Penyelesaian pemulihan krisis ekonomi di
kawasan Eropa dan AS masih akan menghambat ekspansi pertumbuhan ekspor.
Pelemahan nilai tukar yang semakin berlanjut pada awal tahun 2013 hingga
mendekati Rp. 10.000/ US$ di satu sisi membuat tenaga produk ekspor Indonesia
bertambah kompetitif dan sisi lain dapat menahan pembelian domestik terhadap
produk impor yang harganya semakin tinggi. Dari itu, nilai tukar rupiah harus
dijaga agar tidak menembus angka psikologis, mengingat kondisi perekonomian ke
depan masih dibayang- bayangi dengan ancaman kenaikan harga minyak dunia.
Beban
alokasi subsidi energi dalam APBN TA 2013 yang mencapai Rp. 274,7 triliyun (
subsidi BBM Rp. 193,8 triliyun dan subsidi listrik Rp. 80,9 triliyun )

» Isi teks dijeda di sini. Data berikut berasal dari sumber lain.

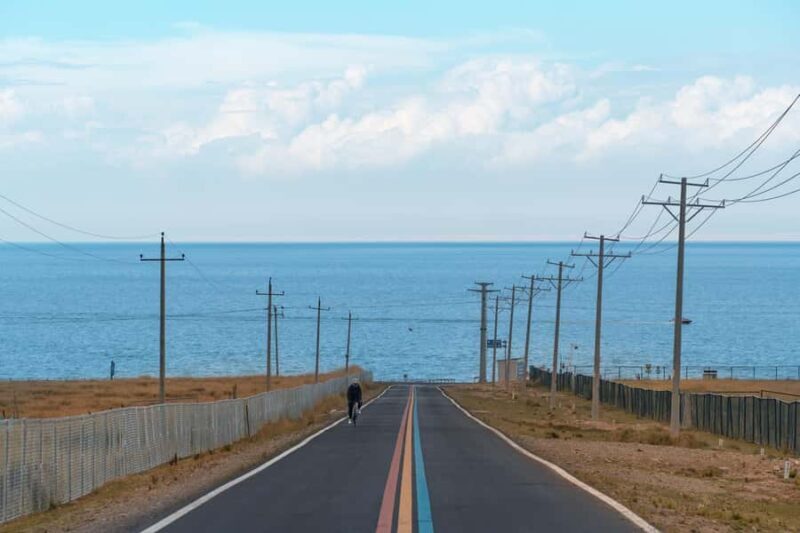 Xining: Qinghai Lake Private Day Tour with Bike Ride - Who This Tour Is Best For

berpotensi untuk bertambah apabila konsumsi BBM melebihi pagu 46 juta kl dan
tidak dilakukan penyesuaian harga. Selain itu keterbatasan produksi minyak
dalam negeri ( lifting minyak tahun 2012 hanya mencapai 861 ribu barel per
hari) menyebabkan Indonesia lebih banyak mengimpor BBM ( net Importer ). Nilai Impor BBM setiap tahunnya sangat besar, yaitu
US$ 28 milliar pada tahun 2011 (yang merupakan nilai komoditas impor terbesar
dalam neraca perdagangan Indonesia) dan berjumlah US$ 26 milliar hingga
november 2012 atau sementara menempati nomor 2 terbesar di bawah Impor mesin
dan peralatan mekanik ( US$ 26,2 milliar ) sehingga berpotensi untuk kembali
menjadi komoditas Impor terbesar pada penghujung tahun 2012 ( Basri, 2013 ). Di
sisi lain administered Inflation sudah
pasti akan meningkat akibat kebijakan kenaikan harga listrik sebesar 15% (
secara bertahap/triwulan) dan kenaikan upah minimum provinsi (UMP). Akhirnya,
berbagai potensi dan peluang perekonomian yang ada harus dimanfaatkan dengan
maksimal dan didukung dengan bauran kebijakan fiskal dan moneter yang prudential, transparent dan accountable untuk memperluas penciptaan
lapangan pekerjaan dan mempercepat tingkat penurunan angka kemiskinan yang pada
bulan September 2012 tercatat sejumlah 28,59 juta orang (11,66%) atau telah
menurun dibandingkan akhir tahun 2011 sebesar 29,89 juta orang (12,36%).